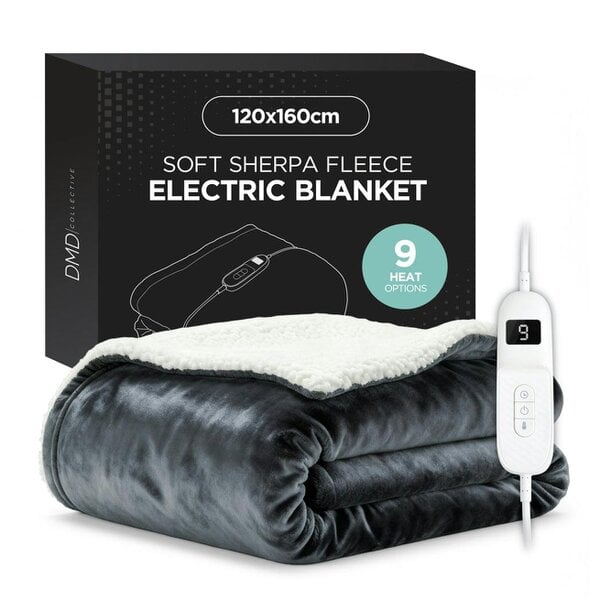 DMD Collective Heated Electric Blanket - Sherpa Fleece, Auto-Off, 9 Heat Levels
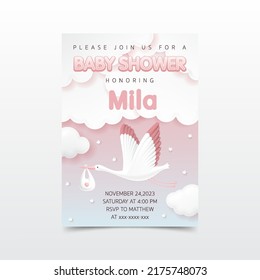 3d Baby shower banner invitation card with stork carrying a cute baby in a bag on pink sky background for greeting cards, children's album, invite birthday party, kid poster, It's a girl. vector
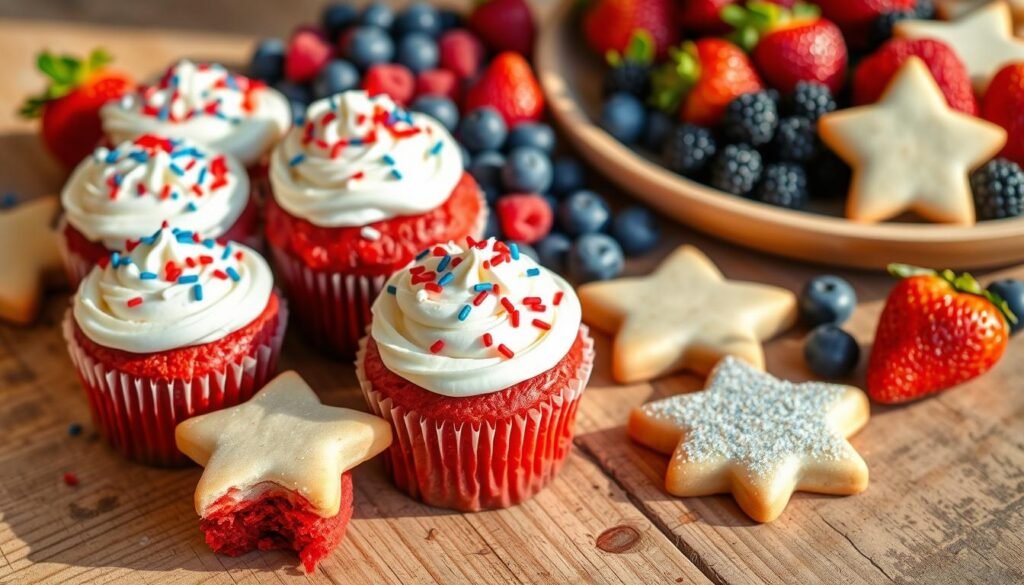 Vibrant 4th of July desserts, artfully arranged on a rustic wooden table. A centerpiece of gluten-free red velvet cupcakes, their moist crumb topped with fluffy cream cheese frosting, adorned with patriotic sprinkles. Surrounding them, a display of star-shaped gluten-free sugar cookies, their crisp edges dusted with edible glitter. In the background, a platter of fresh berries - juicy blueberries, tart raspberries, and ripe strawberries - creating a captivating color palette. Natural lighting casts a warm glow, highlighting the enticing textures and inviting the viewer to indulge. An atmosphere of celebration and inclusive delight.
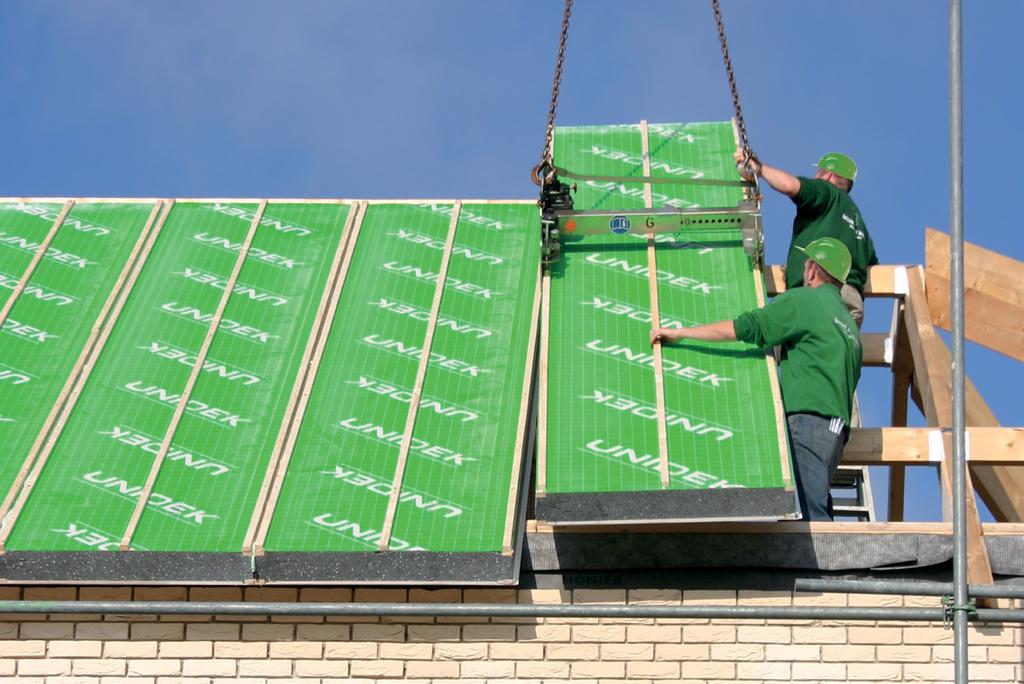 COMFORT Meer comfort Verhoogd akoestisch comfort Vrije keuze in binnenafwerking Duurzaam isoleren tot en met passiefhuis STERKER Sterker dakelement Zelfdragend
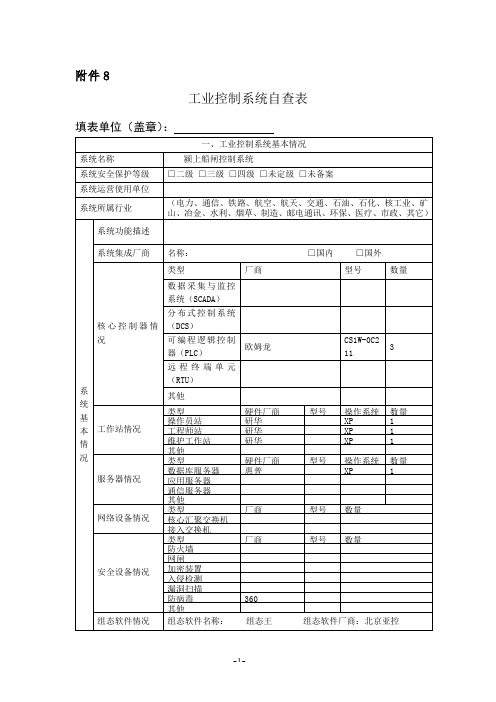 工业控制系统自查表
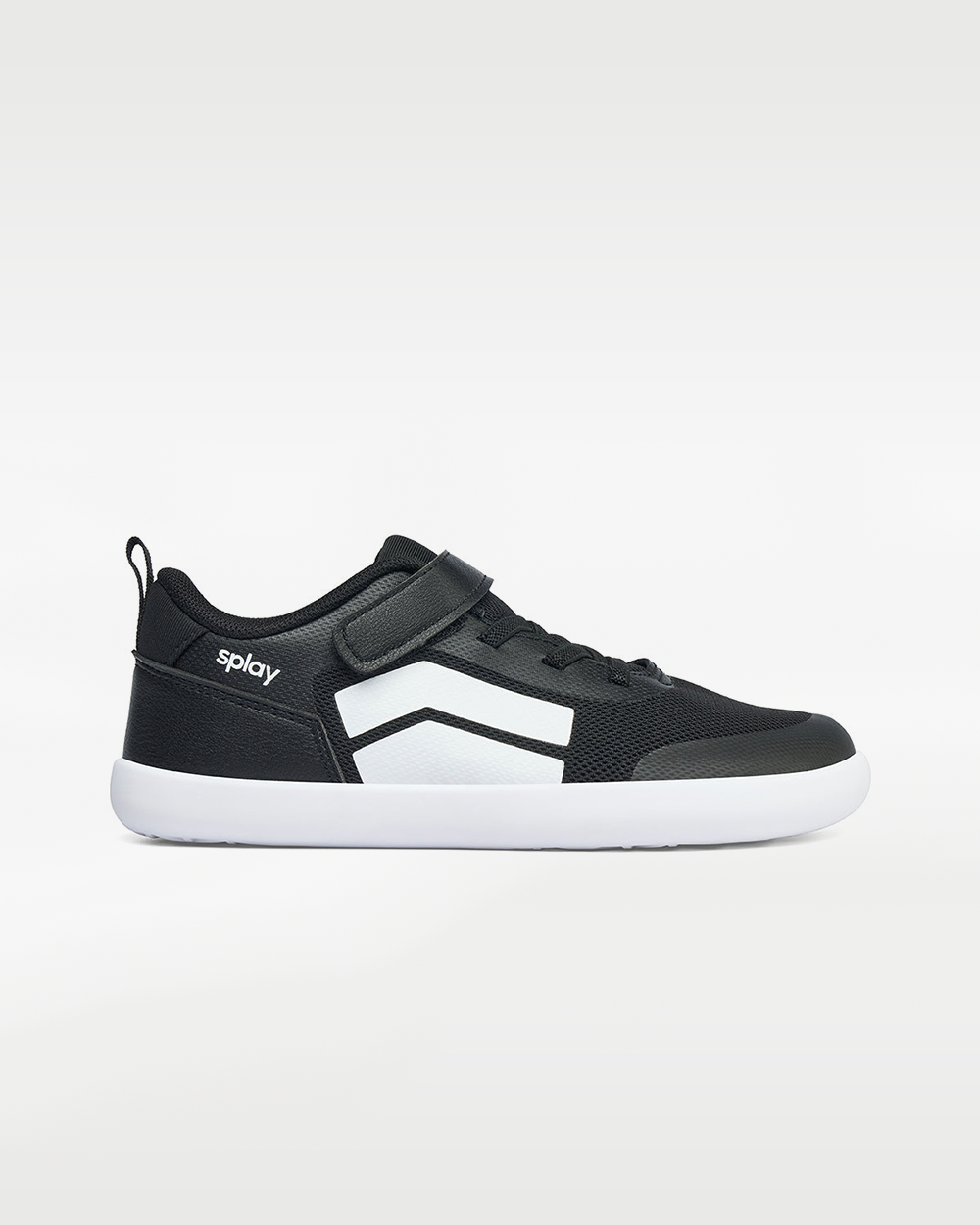 Splay Dash Kids Core Black barefoot shoes — kids' low-top sneaker with a strap and laces, single shoe in left-side profile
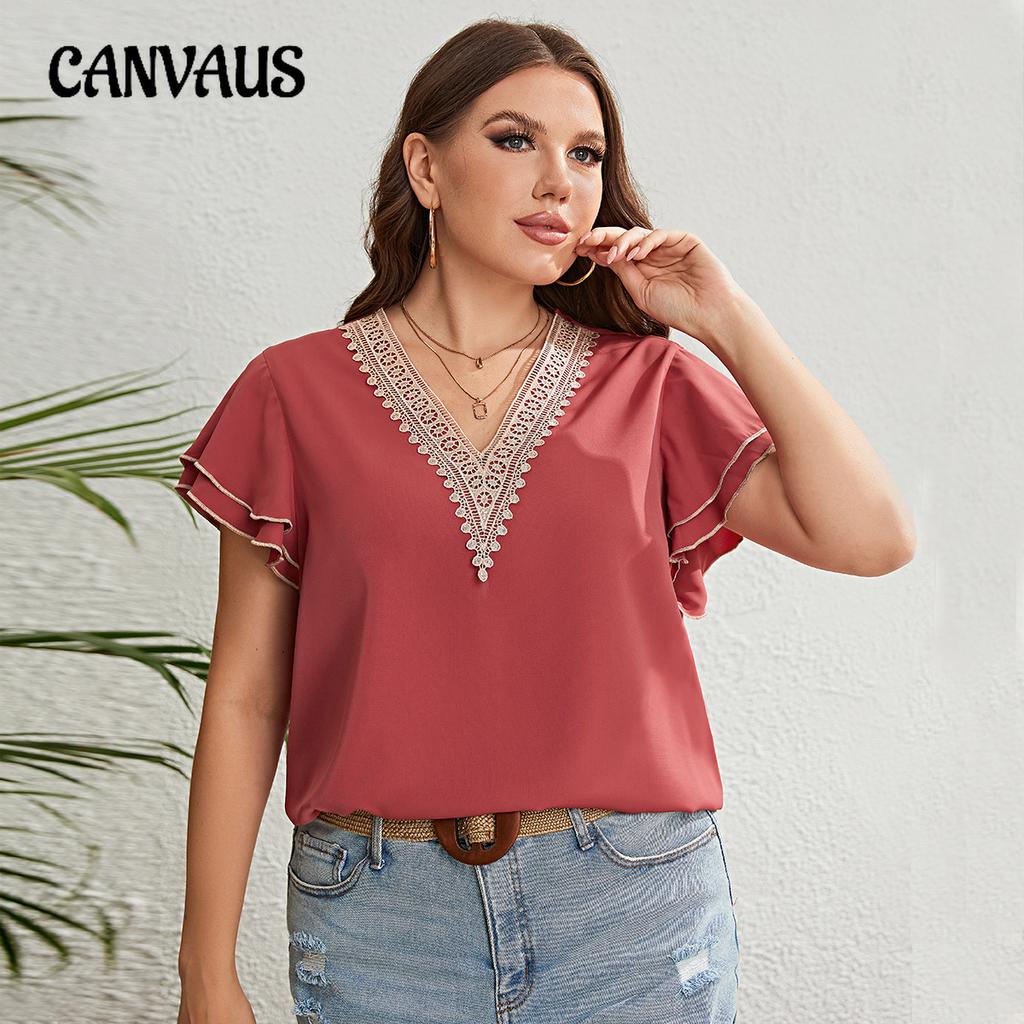 Letnia koszula damska plus size z koronką, dekolt V, luźna, z krótkim rękawem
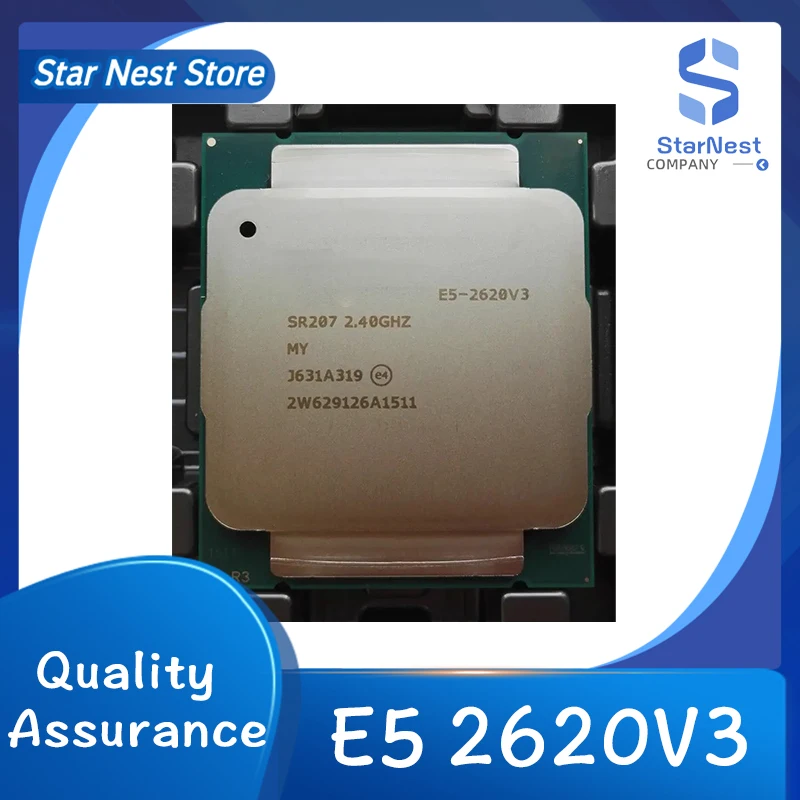 100% prueba Xeon E5 2620 V3 2,4 GHz 6 núcleos 85W LGA 2011-3 SR207 2620V3 procesador cpu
###
Would you copy all of the data exactly? Keep the pictures out of it.

## ANSWER BELOW
 DMD Collective Heated Electric Blanket - Sherpa Fleece, Auto-Off, 9 Heat Levels
 3d Baby shower banner invitation card with stork carrying a cute baby in a bag on pink sky background for greeting cards, children's album, invite birthday party, kid poster, It's a girl. vector
 Vibrant 4th of July desserts, artfully arranged on a rustic wooden table. A centerpiece of gluten-free red velvet cupcakes, their moist crumb topped with fluffy cream cheese frosting, adorned with patriotic sprinkles. Surrounding them, a display of star-shaped gluten-free sugar cookies, their crisp edges dusted with edible glitter. In the background, a platter of fresh berries - juicy blueberries, tart raspberries, and ripe strawberries - creating a captivating color palette. Natural lighting casts a warm glow, highlighting the enticing textures and inviting the viewer to indulge. An atmosphere of celebration and inclusive delight.
 COMFORT Meer comfort Verhoogd akoestisch comfort Vrije keuze in binnenafwerking Duurzaam isoleren tot en met passiefhuis STERKER Sterker dakelement Zelfdragend
 工业控制系统自查表
 Splay Dash Kids Core Black barefoot shoes — kids' low-top sneaker with a strap and laces, single shoe in left-side profile
 Letnia koszula damska plus size z koronką, dekolt V, luźna, z krótkim rękawem
 100% prueba Xeon E5 2620 V3 2,4 GHz 6 núcleos 85W LGA 2011-3 SR207 2620V3 procesador cpu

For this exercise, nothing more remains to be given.